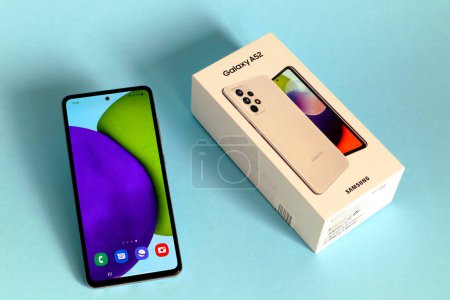 Photo for Rome, Italy  April 4, 2022: Smartphone Samsung Galaxy A52 released in march 2021 made in India. Samsung Electronics Co. Ltd. South Korea - Royalty Free Image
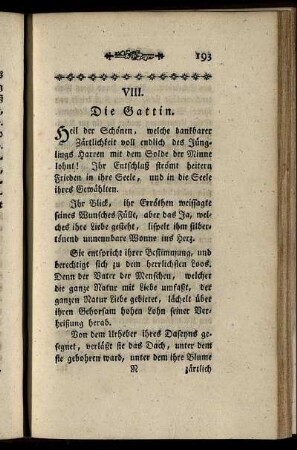 VIII. Die Gattin.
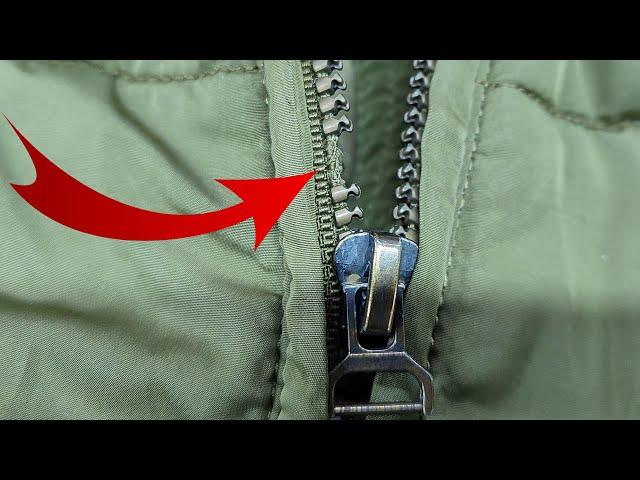 A hereditary tailor showed how to repair the lock on a jacket in just a couple of minutes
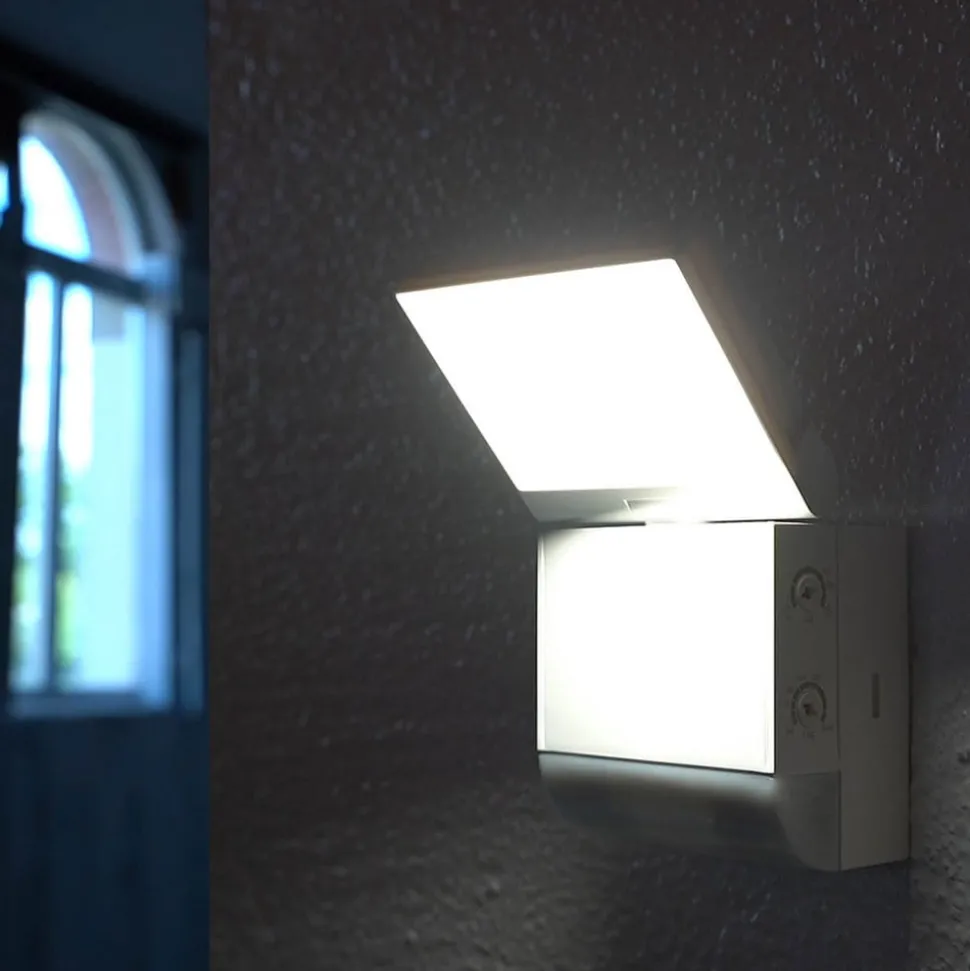 Theben utendørs LED-vegglampe theLeda S8-100, hvit, sensor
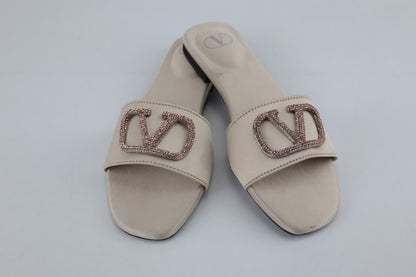 Valentino's Logo Rhinestone Buckle Satin Flat Slide Sandals in Pakistan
——————————
The task calls for every line of the data to be returned exactly, without pictures.

 Photo for Rome, Italy  April 4, 2022: Smartphone Samsung Galaxy A52 released in march 2021 made in India. Samsung Electronics Co. Ltd. South Korea - Royalty Free Image
 VIII. Die Gattin.
 A hereditary tailor showed how to repair the lock on a jacket in just a couple of minutes
 Theben utendørs LED-vegglampe theLeda S8-100, hvit, sensor
 Valentino's Logo Rhinestone Buckle Satin Flat Slide Sandals in Pakistan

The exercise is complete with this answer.